Context-Engine-AI · m1rl0k · Jan 26, 2026 · Jan 26, 2026 · Jan 26, 2026 · Jan 26, 2026
diff --git a/requirements.txt b/requirements.txt
@@ -9,6 +9,7 @@ tokenizers
 orjson
 redis>=5.0.0
 xxhash>=3.0.0
+lz4>=4.0.0
 # Tree-sitter 0.25+ with individual language packages
 tree_sitter>=0.25.0
 tree_sitter_python>=0.23.0

diff --git a/scripts/indexing_admin.py b/scripts/indexing_admin.py
@@ -202,7 +202,16 @@ def _copy_repo_state_for_clone(
 # Cache with TTL support
 _COLLECTION_SCHEMA_CACHE: Dict[str, Dict[str, Any]] = {}
 _COLLECTION_SCHEMA_CACHE_TS: Dict[str, float] = {}  # Track cache timestamps
-_COLLECTION_SCHEMA_CACHE_TTL = float(os.environ.get("SCHEMA_CACHE_TTL_SECS", "300"))  # 5 min default
+try:
+    _ttl_raw = float(os.environ.get("SCHEMA_CACHE_TTL_SECS", "300"))
+    # Validate TTL is finite and positive
+    import math
+    if not math.isfinite(_ttl_raw) or _ttl_raw <= 0:
+        _COLLECTION_SCHEMA_CACHE_TTL = 300.0
+    else:
+        _COLLECTION_SCHEMA_CACHE_TTL = _ttl_raw
+except (ValueError, TypeError):
+    _COLLECTION_SCHEMA_CACHE_TTL = 300.0  # 5 min default
 _SNAPSHOT_REFRESHED: Set[str] = set()
 _MAPPING_INDEX_CACHE: Dict[str, Any] = {"ts": 0.0, "work_dir": "", "value": {}}
 

diff --git a/scripts/upload_service.py b/scripts/upload_service.py
@@ -908,9 +908,13 @@ async def admin_acl_grant(
 async def admin_collections_status(request: Request):
     _require_admin_session(request)
     try:
-        collections = list_collections(include_deleted=False)
+        if AUTH_ENABLED:
+            collections = list_collections(include_deleted=False)
+        else:
+            # Demo mode: get collections directly from Qdrant
+            collections = list_qdrant_collections()
     except AuthDisabledError:
-        raise HTTPException(status_code=404, detail="Auth disabled")
+        collections = list_qdrant_collections()
     except Exception:
         raise HTTPException(status_code=500, detail="Failed to load collections")
 
@@ -934,7 +938,11 @@ async def event_generator():
                 break
 
             try:
-                collections = list_collections(include_deleted=False)
+                if AUTH_ENABLED:
+                    collections = list_collections(include_deleted=False)
+                else:
+                    # Demo mode: get collections directly from Qdrant
+                    collections = list_qdrant_collections()

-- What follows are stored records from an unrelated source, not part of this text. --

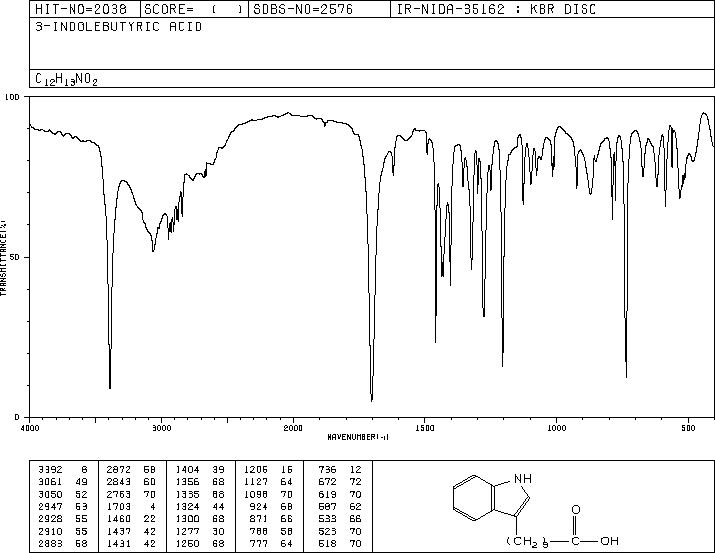 Indole-3-butyric acid(133-32-4) MS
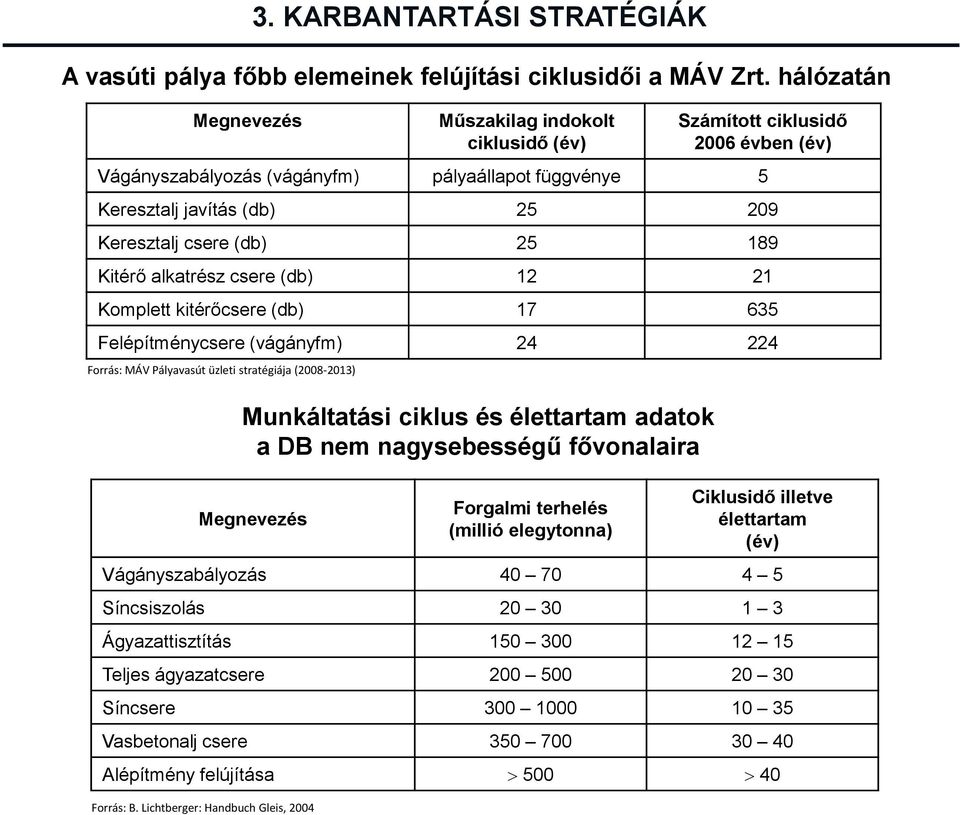 ciklusidő 2006 évben (év) Vágányszabályozás (vágányfm) pályaállapot függvénye 5 Keresztalj javítás (db) 25 209 Keresztalj csere (db) 25 189 Kitérő alkatrész csere (db) 12 21 Komplett kitérőcsere (db)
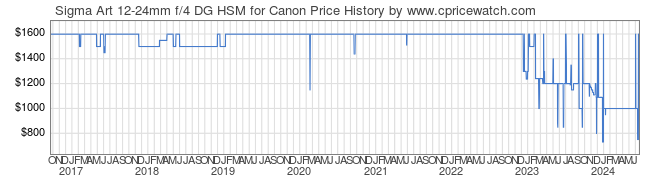 Price History Graph for Sigma Art 12-24mm f/4 DG HSM for Canon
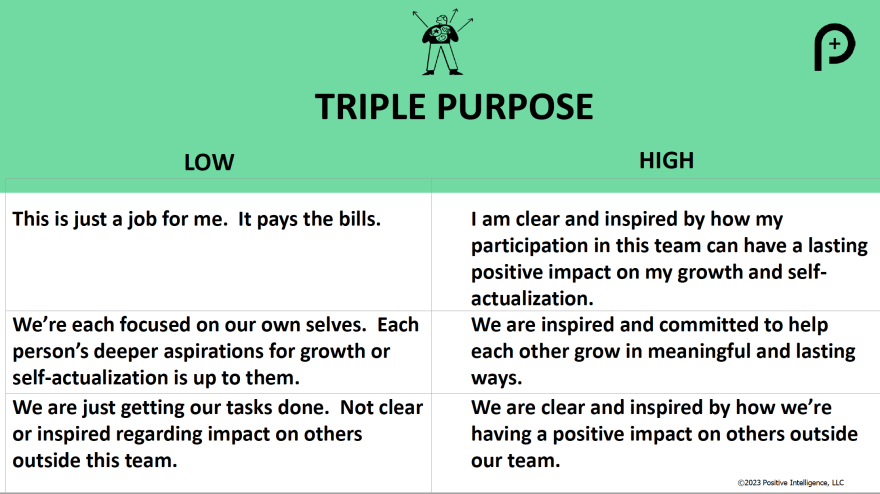 Triple Purpose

                 enriched = await asyncio.to_thread(
                     lambda: build_admin_collections_view(collections=collections, work_dir=WORK_DIR)
                 )
@@ -945,6 +953,19 @@ async def event_generator():
                     last_data = current_data
                     yield f"data: {json.dumps({'type': 'full', 'collections': enriched}, default=str)}\n\n"
 
+            except AuthDisabledError:
+                # Fallback to Qdrant collections
+                try:
+                    collections = list_qdrant_collections()
+                    enriched = await asyncio.to_thread(
+                        lambda: build_admin_collections_view(collections=collections, work_dir=WORK_DIR)
+                    )
+                    current_data = json.dumps(enriched, default=str)

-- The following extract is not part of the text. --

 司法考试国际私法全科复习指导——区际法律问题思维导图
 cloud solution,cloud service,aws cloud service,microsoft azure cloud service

+                    if current_data != last_data:
+                        last_data = current_data
+                        yield f"data: {json.dumps({'type': 'full', 'collections': enriched}, default=str)}\n\n"

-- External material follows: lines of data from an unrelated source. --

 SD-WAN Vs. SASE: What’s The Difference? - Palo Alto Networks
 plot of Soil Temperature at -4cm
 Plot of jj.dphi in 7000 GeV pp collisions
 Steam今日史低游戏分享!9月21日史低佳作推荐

+                except Exception as e:
+                    yield f"data: {json.dumps({'type': 'error', 'message': str(e)})}\n\n"
             except Exception as e:
                 yield f"data: {json.dumps({'type': 'error', 'message': str(e)})}\n\n"
 

diff --git a/scripts/watch_index_core/processor.py b/scripts/watch_index_core/processor.py
@@ -2,14 +2,14 @@
 
 from __future__ import annotations
 
-import hashlib
 import logging
 import os
 import subprocess
 import sys
 from datetime import datetime
 from pathlib import Path
 from typing import Dict, List, Optional
+import xxhash
 
 import scripts.ingest_code as idx
 from scripts.workspace_state import (
@@ -128,7 +128,7 @@ def _maybe_handle_staging_file(
     if not (is_staging_enabled() and state_env and collection):
         return False
 
-    _text, file_hash = _read_text_and_sha1(path)
+    _text, file_hash = _read_text_and_hash(path)
     if file_hash:
         try:
             cached_hash = get_cached_file_hash(str(path), repo_name) if repo_name else None
@@ -348,17 +348,15 @@ def _process_paths(
             logger.debug(f"Suppressed exception: {e}")
 
 
-def _read_text_and_sha1(path: Path) -> tuple[Optional[str], str]:
+def _read_text_and_hash(path: Path) -> tuple[Optional[str], str]:
+    """Read file text and compute xxhash64 for consistency with pipeline."""
     try:
         text = path.read_text(encoding="utf-8", errors="ignore")
     except Exception:
         text = None
     if not text:
         return text, ""
-    try:
-        file_hash = hashlib.sha1(text.encode("utf-8", errors="ignore")).hexdigest()
-    except Exception:
-        file_hash = ""
+    file_hash = xxhash.xxh64(text.encode("utf-8", errors="ignore")).hexdigest()
     return text, file_hash
 
 
@@ -378,7 +376,7 @@ def _run_indexing_strategy(
     except Exception as e:
         logger.debug(f"Suppressed exception: {e}")
 
-    text, file_hash = _read_text_and_sha1(path)
+    text, file_hash = _read_text_and_hash(path)
     ok = False
     if text is not None:
         try:

diff --git a/scripts/workspace_state.py b/scripts/workspace_state.py
@@ -144,20 +144,66 @@ def _redis_retry(fn, retries: int = 2, delay: float = 0.1):
     raise last_err  # type: ignore
 
 
+# LZ4 compression for Redis state storage
+# Provides ~50-70% memory reduction with minimal CPU overhead
+_LZ4_AVAILABLE = False
+try:
+    import lz4.frame as lz4_frame
+    _LZ4_AVAILABLE = True
+except ImportError:
+    lz4_frame = None  # type: ignore
+
+# Prefix to identify LZ4-compressed values in Redis
+_LZ4_PREFIX = b"LZ4:"
+
+def _redis_compress(data: bytes) -> bytes:
+    """Compress data with LZ4 if available, return with prefix."""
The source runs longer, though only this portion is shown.